Première partie : Analyser l'ensemble documentaire en répondant aux questions

1) Expliquez la notion de développement

2) En utilisant le document 1, le texte du document 2 et les photographies, montrez les contraintes du milieu andin pour l'agriculture et les conséquences pour la différenciation des paysages agricoles.

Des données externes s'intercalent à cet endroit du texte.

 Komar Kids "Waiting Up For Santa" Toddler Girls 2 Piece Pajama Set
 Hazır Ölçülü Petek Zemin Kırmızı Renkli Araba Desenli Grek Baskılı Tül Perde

3) Que faut-il entendre par "structures agraires" ? Mettez en relation les deux tableaux de statistiques du document 3 et dites pourquoi ces structures sont un frein au développement.

4) Les résultats de l'agriculture équatorienne vont-ils dans le sens d'un développement ? Justifiez votre réponse en sélectionnant dans le dossier les informations nécessaires et en précisant les documents utilisés.
5) Quelle voie ou solution est recherchée par la communauté indienne ? Dans quels autres pays des stratégies similaires ont été appliquées ?

Deuxième partie :

A l'aide des réponses aux questions de la première partie, des informations contenues dans les documents et de vos connaissances, rédigez une réponse organisée au sujet : "l'agriculture et le développement dans les Andes équatoriennes".

 

Questions en classe terminale:

- Présenter les documents.
- Sélectionner les informations répondant à la problématique du sujet, mettre en relation en vue de dégager des thèmes.
- Concevoir une synthèse en se limitant à environ 300 mots.